International Journal of Computer Applications |
Foundation of Computer Science (FCS), NY, USA |
Volume 95 - Number 14 |
Year of Publication: 2014 |
Authors: S. Rajasekaran, L. Arockiam |
10.5120/16661-6646 |
S. Rajasekaran, L. Arockiam . Frequent Contiguous Pattern Mining Algorithms for Biological Data Sequences. International Journal of Computer Applications. 95, 14 ( June 2014), 15-20. DOI=10.5120/16661-6646
Transaction sequences in market-basket analysis have large set of alphabets with small length, whereas bio-sequences have small set of alphabets of long length with gap. There is the difference in pattern finding algorithms of these two sequences. The chances of repeatedly occurring small patterns are high in bio-sequences than in the transaction sequences.

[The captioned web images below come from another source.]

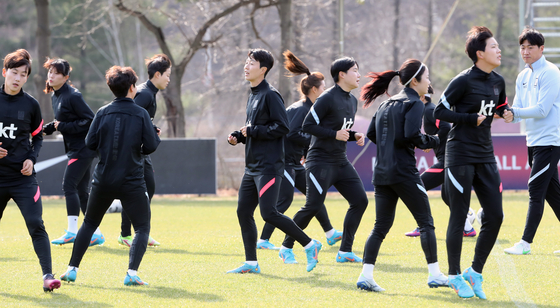 The Korean women's national football team train at the National Football Center in Paju, Gyeonggi on Wednesday. [NEWS1]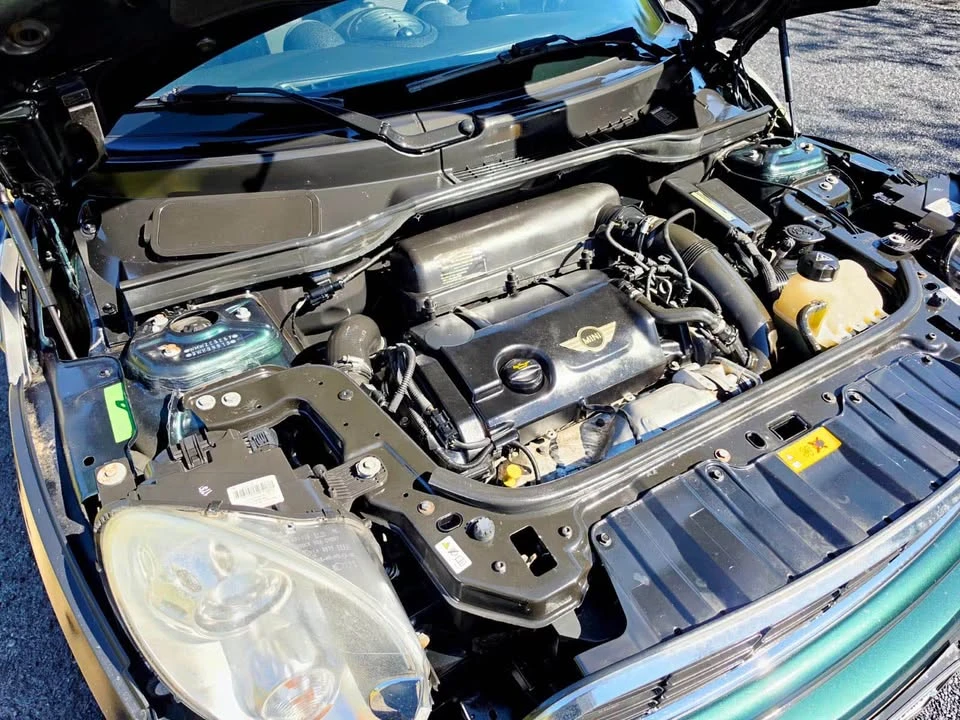 2011 Mini Countryman 1st Gen - Image 15 of 17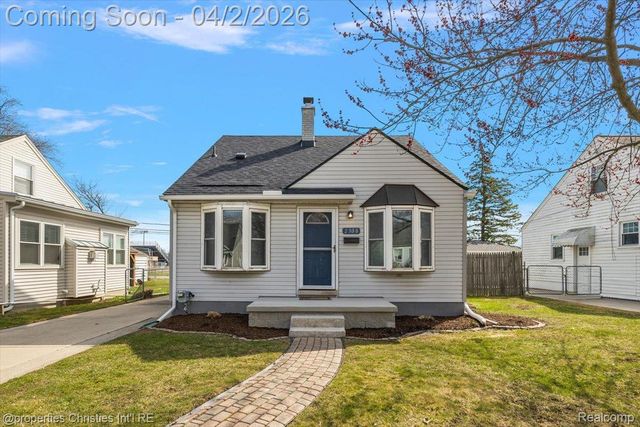 2338 Tyler Avenue, Berkley, MI 48072
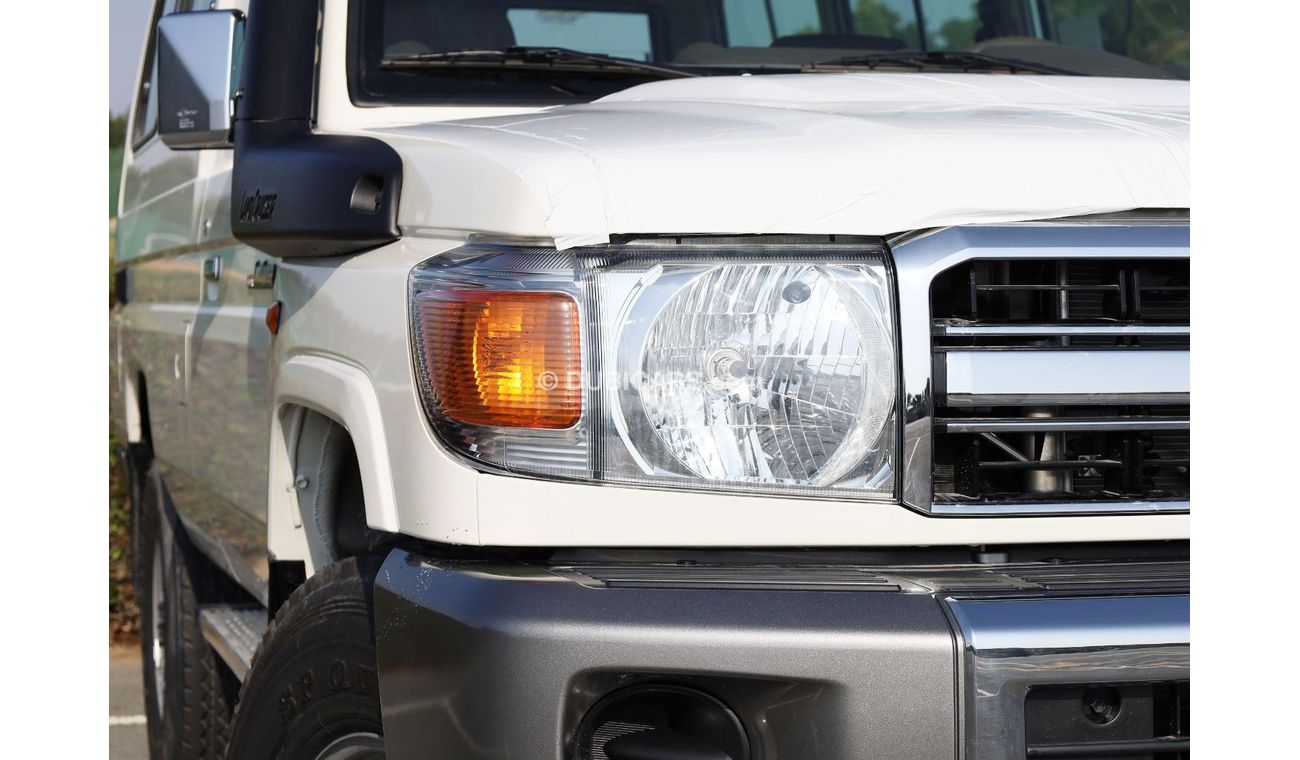 Toyota Land Cruiser 70 70 Series | 4x4, V6, 4.0L, 3Door | GCC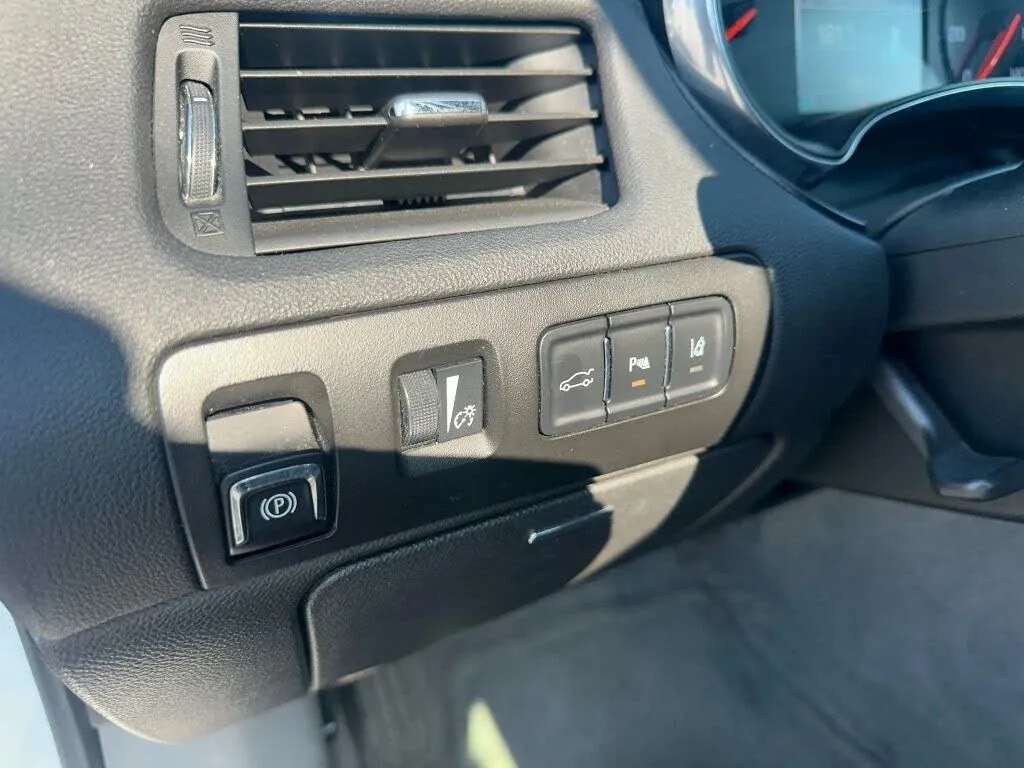 2015 Chevrolet Impala 2LZ - Photo 28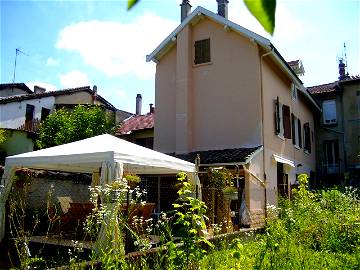 Roomlala | Townhouse - Garden In Bourgoin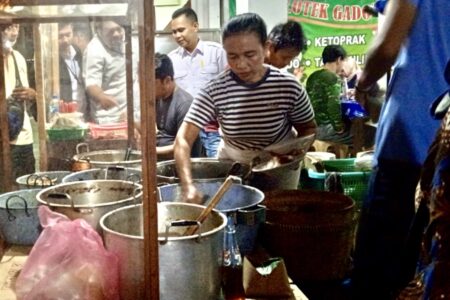 Tak Pernah Sepi, Gudeg Permata Kuliner Malam Legendaris di Yogyakarta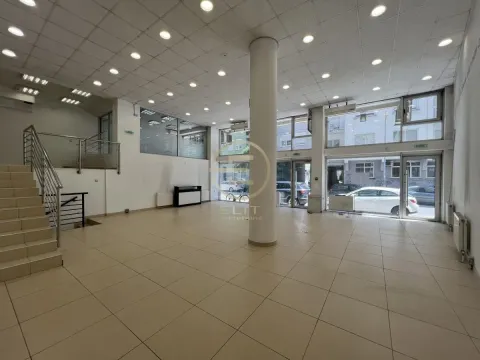 Rent, office space, 198m², Grbavica, Novi Sad Sve Podlokacije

These repeatedly occurring small patterns are called as Frequent Contiguous Patterns (FCP). The challenging task in pattern finding of bio-sequences is to find FCP. FCP gives clues for genetic discovery, functional analysis and also helps to assemble a whole genome of species. Most of the existing FCP algorithms are all based on Apriori method. They require repeated scanning of the database and large number of intermediate tables to produce the results. So, these algorithms require large space and high computational time. In this paper, we are analyzing few of the currently available FCP algorithms with their advantages and disadvantages.